Alltagstrott

Alisha Steckert

von Alisha Steckert

Story

Der Alltag kann ziemlich stressig werden, vor allem wenn die Lehrer wieder beschließen alle Arbeiten in der Woche vor den Ferien zu schreiben. Es wäre auch viel zu einfach es auf das Schuljahr zu verteilen, aber sie bummeln lieber und wir Schüler müssen dann alles auf einmal können. Am besten auch von heute auf morgen. In der Schule fragt auch niemand wie es dir geht. Wenn du offensichtlich krank bist und dich übergeben musst oder zusammenbrichst, dann darfst du nach Hause gehen. Aber wenn du ’schlimme‘ Gedanken hast, scheinbar grundlos weinst und nur aus dem Fenster starrst, dann bist du nicht krank genug. Auch die Ärzte nehmen einen nicht wirklich ernst. Mit ein bisschen Sport und einer Ernährungsumstellung werde das schon alles besser werden. Und dann kommt man in die Schule und bekommt mit, wie Leute einfach so von ihrem Hausarzt Antidepressiva verschrieben bekommen haben.

Die Welt ist so ungerecht, deswegen müssen wir uns selbst helfen. Auch diesmal sagt keiner, wie es besser werden kann. Selbst wenn man endlich eine Überweisung für einen Psychologen bekommen hat, ist einem noch lange nicht geholfen. Eine weitere schier unüberwindbare Hürde: einen Platz in einer solchen Praxis zu bekommen.

Ich persönlich hatte das Glück und war bei einem Kinder- und Jugendpsychologen und seiner Frau untergekommen.
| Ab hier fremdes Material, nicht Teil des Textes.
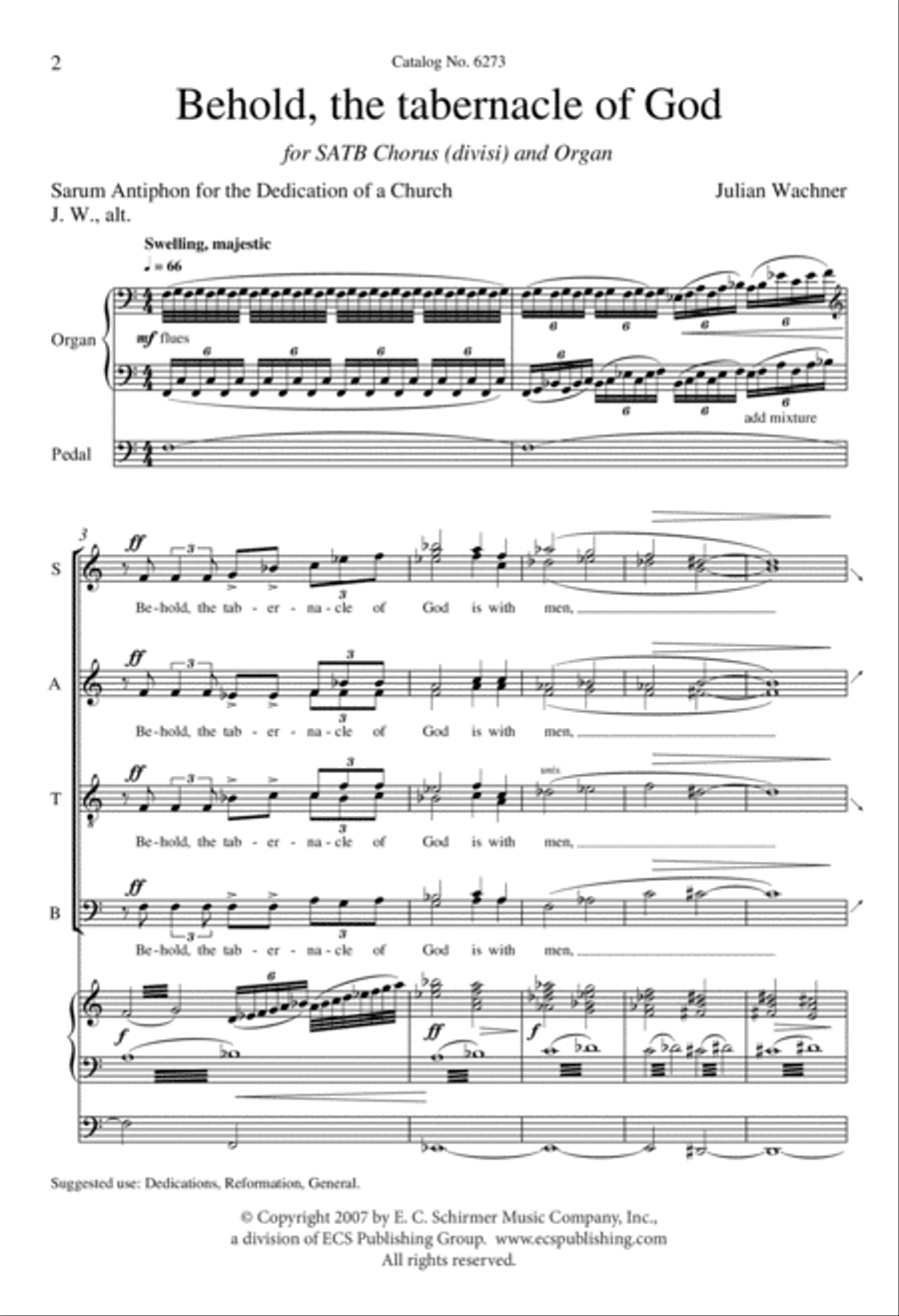 Behold the Tabernacle of God 4-Part scores gallery preview page 2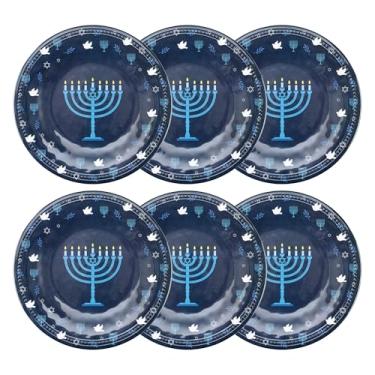 Imagem de UP Conjunto de 6 pratos de jantar de melamina, livre de BPA, lava-louças, pratos redondos para prato principal, macarrão e salada, pratos de jantar de 26 cm (Hanukkah)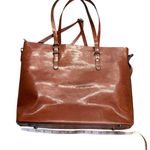 Brown Pleather Tote Bag Photo 3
Einmal in der Woche oder alle zwei Wochen, je nachdem wie ausgebucht meine Therapeutin war, durfte ich in die Praxis fahren und bekam ca. 45 Minuten Gesprächszeit. Damals war ich 16 Jahre alt und hatte neben den typischen Teenagerproblemen mit Jungs, Körperveränderungen, Stress mit den Eltern und schlechte Noten auch ein Problem mit einigen Leuten aus meiner Klasse. Ich weigerte mich, es Mobbing zu nennen, doch meine Therapeutin erklärte mir, dass es keinen anderen Begriff dafür gäbe.

Aus Gruppenprojekten ausgeschlossen zu werden oder bei der Blättervergabe im Unterricht nicht einbezogen zu werden, kann sehr hart sein. Auch wenn man von einer Party erfährt, auf der man angeblich nicht war, weil man keine Lust gehabt hätte. Sicher, ich wäre nicht hingegangen, aber ich wusste auch nichts davon, mich hatte nie jemand gefragt. Es wurde einfach von vorne rein behauptet, dass ich abgesagt hätte. Die Therapie empfand ich meistens als recht sinnlos. Ich wollte nicht über verschiedene Gefühle reden und wie sie entstehen können. Ich wollte lieber über MEINE Gefühle reden und wie ich mit ihnen umgehen kann. Um nicht ganz so passiv zu denken, redete ich mir ein, dass ich wenigstens die neutrale Sicht meiner Therapeutin nutzen könnte. Meine Geschichten und Erlebnisse wurden von ihr natürlich anders betrachtet, als von Freunden, die involviert waren. Oft hatte sie gute Deckansätze oder Ideen zur Lösung eines Problems, mehr aber auch nicht. Wirklich wohlgefühlt habe ich mich auch nicht, immerhin war sie mir fremd und plötzlich sollte ich ihr jedes Detail anvertrauen. Jede dunkle Ecke in meinem Kopf beleuchten. Das war/ist zu viel.